Pat, the old road-monkey–now come to the end of a long career of furious living–being about to die, sent for Higgins. He was desperately anxious concerning the soul that was about to depart from his ill-kept and degraded body; and he was in pain, and turning very weak.
Higgins waited.
“Pilot,” Pat whispered, with a knowing little wink, “I want you to fix it for me.”
“To fix it, Pat?”
“Sure, you know what I mean, Pilot,” Pat replied. “I want you to fix it for me.”

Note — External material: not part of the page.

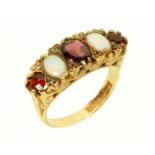 A 9 ct gold opal and garnet ring, size L/M.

“Pat,” said Higgins, “I can’t fix it for you.”
“Then,” said the dying man, in amazement, “what the hell did you come here for?”
“To show you,” Higgins answered, gently, “how you can fix it.”
“Me fix it?”
Higgins explained, then, the scheme of redemption, according to his creed–the atonement and salvation by faith. The man listened–and nodded comprehendingly–and listened, still with amazement–all the time nodding his understanding. “Uh-huh!” he muttered, when the preacher had done, as one who says, I see! He said no other word before he died. Just, “Uh-huh!”–to express enlightenment. And when, later, it came time for him to die, he still held tight to Higgins’s finger, muttering, now and again, “Uh-huh! Uh-huh!”–like a man to whom has come some great astounding revelation.
XIII
STRAIGHT FROM THE SHOULDER
In the bunk-house, after supper, Higgins preaches. It is a solemn service: no minister of them all so punctilious as Higgins in respect to reverent conduct. The preacher is in earnest and single of purpose. The congregation is compelled to reverence. “Boys,” says he, in cunning appeal, “this bunk-house is our church–the only church we’ve got.” No need to say more! And a queer church: a low, long hut, stifling and ill-smelling and unclean and infested, a row of double-decker bunks on either side, a great glowing stove in the middle, socks and Mackinaws steaming on the racks, boots put out to dry, and all dim-lit with lanterns. Half-clad, hairy men, and boys with young beards, lounge everywhere–stretched out on the benches, peering from the shadows of the bunks, squatted on the fire-wood, cross-legged on the floor near the preacher. Higgins rolls out a cask for a pulpit and covers it with a blanket. Then he takes off his coat and mops his brow.
Presently, hymn-book or Testament in hand, he is sitting on the pulpit.